1. Notice if you’re feeling vulnerable. In his conversation with me, Weinstein provided context that wasn’t in the documentary about why he boarded the sinking Fyre ship in the first place. He was going through his second entrepreneurial failure, which was damaging his friendship with his co-founder. At the same time, his long-term romantic relationship was falling apart.
Here I was: 27 years old, Wharton graduate, Morgan Stanley investment banking alumni—very much on the spectrum of seeking achievement—and having experienced failure for the first time in my life in a big way.
Then his friend Charlie called him about the opportunity to work with Fyre, saying that if it worked out, Weinstein might be able to join the company in a C-level role.
Charlie and I went to college together, we were in the same fraternity, and he was a representation of everything I had failed to achieve. Every deal that he worked on was a huge success, and he was a rising star at his company. And he told me that I should do this. And I was in this rough place.

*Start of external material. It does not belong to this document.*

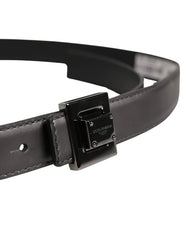 Dolce & Gabbana Men Silver Classic Leather Square Buckle Belt - 85 cm / 34 Inches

In that vulnerable state, Weinstein joined Fyre, believing it was a giant life raft rather than the Titanic. “My luck had finally turned around, and I was going to be working on what could be one of the biggest media events of the year,” he said.
When we’re faced with big life decisions, it’s worth taking a cold hard look at whether something might be making us prone to poor decision-making. A professional career or life coach, or a long-time friend who doesn’t have a stake in the situation, might be able to help us avoid running into something even worse.
2. Focus on what you appreciate rather than what you need. Weinstein realized that he could have counteracted the vulnerability and neediness that led him to Fyre by focusing on gratitude:
When we're feeling “less than,” and we’re feeling vulnerable or not powerful, then we can come from this place of neediness. Neediness is what people can capitalize on to take advantage of you.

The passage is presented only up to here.